Sous une même appellation, on se trouve face à deux conceptions différentes d’un genre, qui ne se recouvrent que très partiellement, et pas nécessairement sur les points essentiels. Toutes deux sont aussi légitimes : en un sens, ce que les Européens appellent le Western possède une histoire aussi ancienne que le Western américain ; l’origine est dans les deux cas à rechercher chez Fenimore Cooper et dans ce que les auteurs qui s’en sont inspirés y ont trouvé. Mais la conception d’un genre, comme toute construction de langage, dépend moins d’une propriété intrinsèque des œuvres que de l’intégration de ces œuvres dans l’ensemble classificatoire qui les précède et dans lequel elles s’intègrent. Les divergences dans les définitions viennent de ce que le système taxinomique n’était pas exactement le même ; pour le dire autrement, le désaccord partiel s’explique par l’histoire littéraire et culturelle différente des deux continents, et par l’échafaudage générique particulier qui s’en est suivi.
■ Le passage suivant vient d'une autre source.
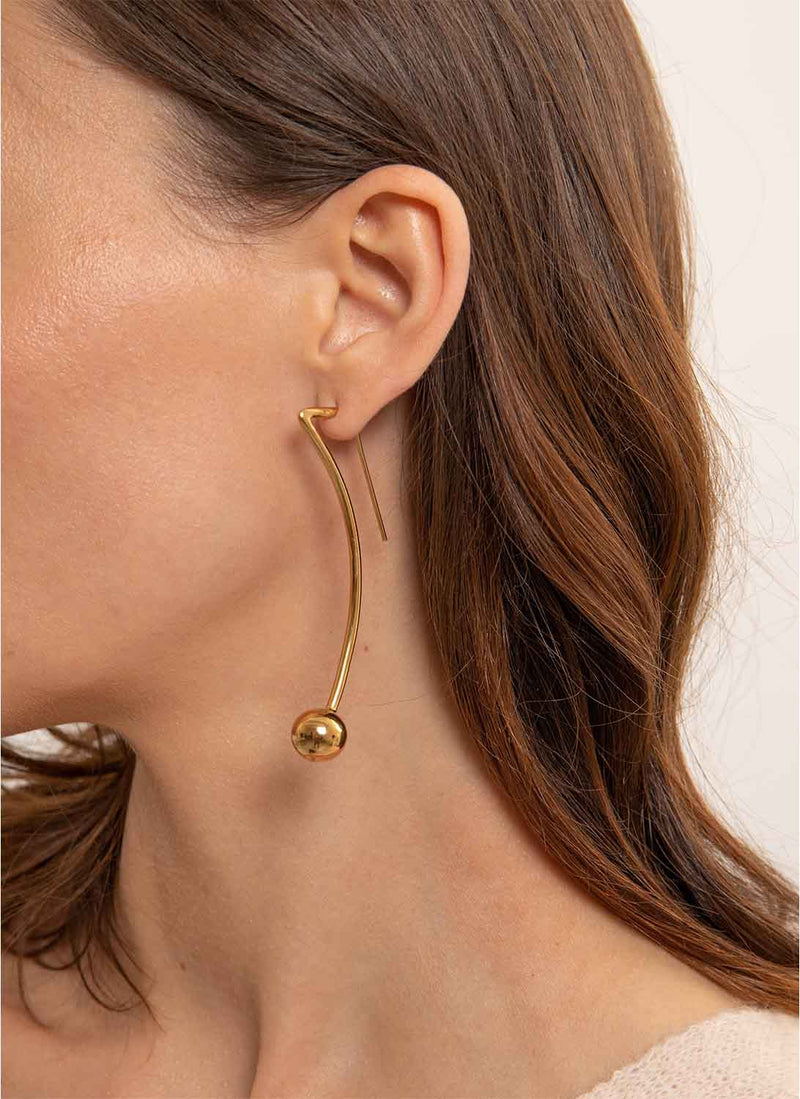 Sebastien Joffrey Monfort - Mono Boucle D'Oreille Rouge - Yellow Gold - Femme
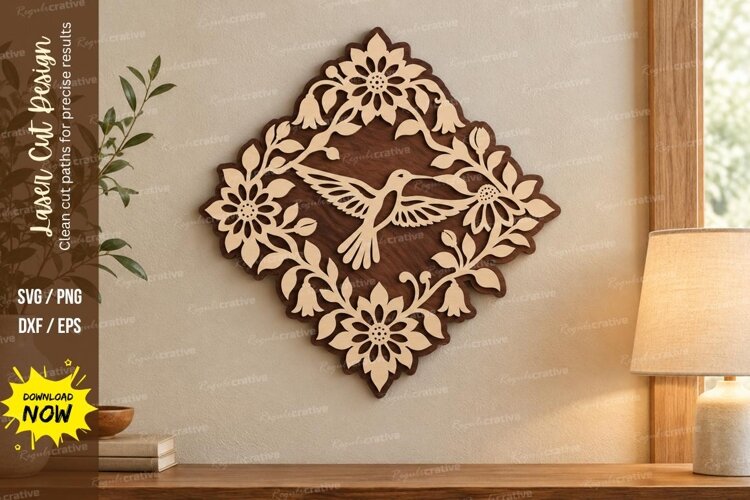 Diamond Hummingbird Laser Cut SVG File, diamond hummingbird example image 1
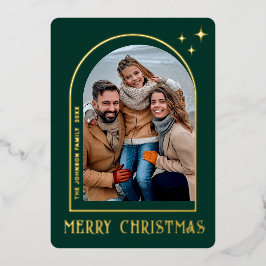 輝くモダンクリスマス写真あいさつ金ゴールド 箔シーズンカード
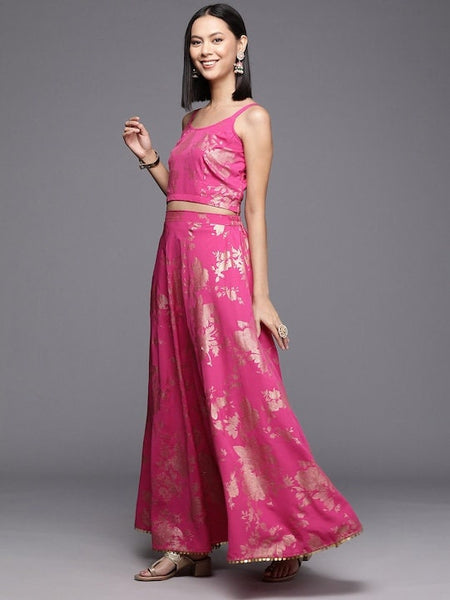 Women Elegant Pink Printed Top with Skirt And Jacket, Indo Western Ethnic Set for women, Crop top with Skirt and shrug Set, Fusion Outfit VitansEthnics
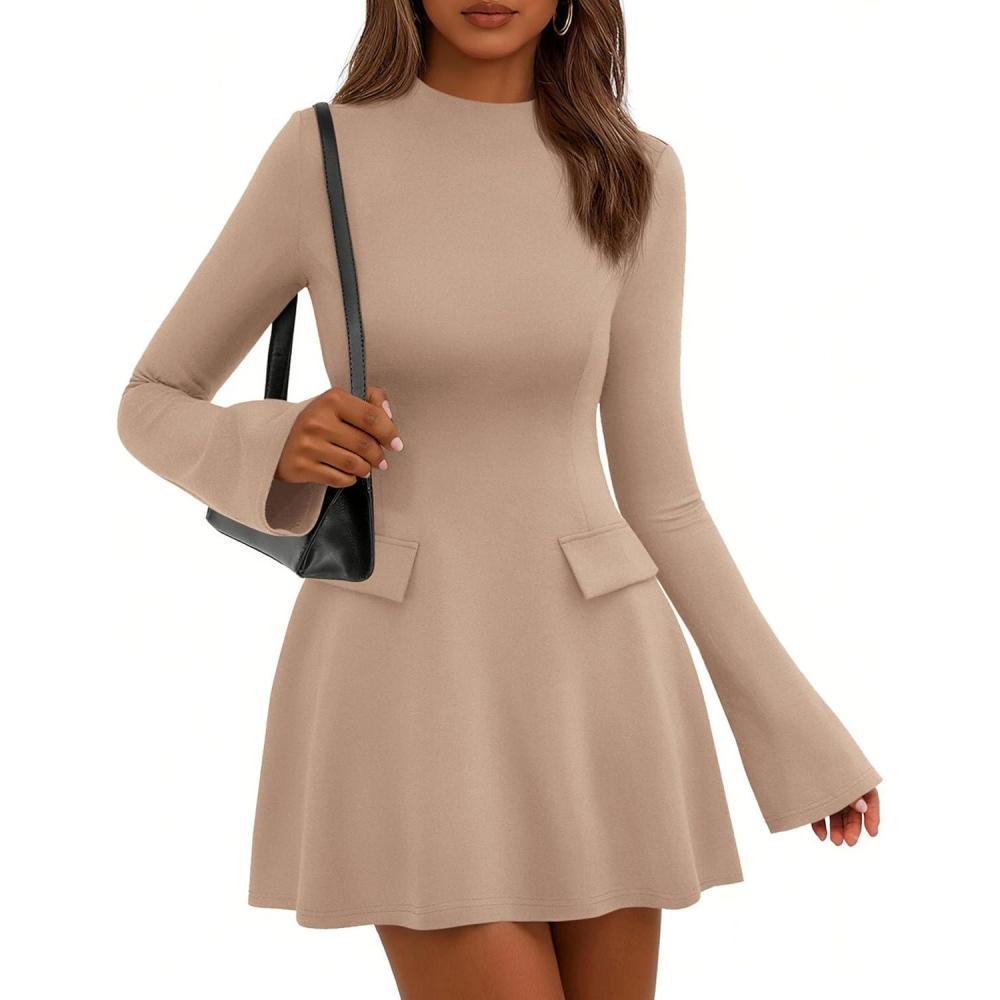 imagePRETTYGARDEN Womens Elegant Holiday Short Dress 2026 Fall Bell Long Sleeve Mock Neck Work Business Casual Party Mini DressKhaki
C’est cet écart relatif qui a conduit les Européens à produire des œuvres sensiblement différentes de celles que proposaient leurs confrères outre-Atlantique. Certes, il a existé une multitude de Westerns d’aventures et d’action américains dès les premières œuvres, mais ceux-ci sont laissés un peu de côté par les études génériques américaines, qui privilégient les auteurs qui ont tenté de rendre compte de leur pays. En Europe en revanche, le Western ne pouvait exister qu’en prenant la forme d’un roman d'aventures géographiques et parfois historiques, et c’est selon les modalités d’une telle lecture générique que l’on peut le mieux appréhender ces œuvres.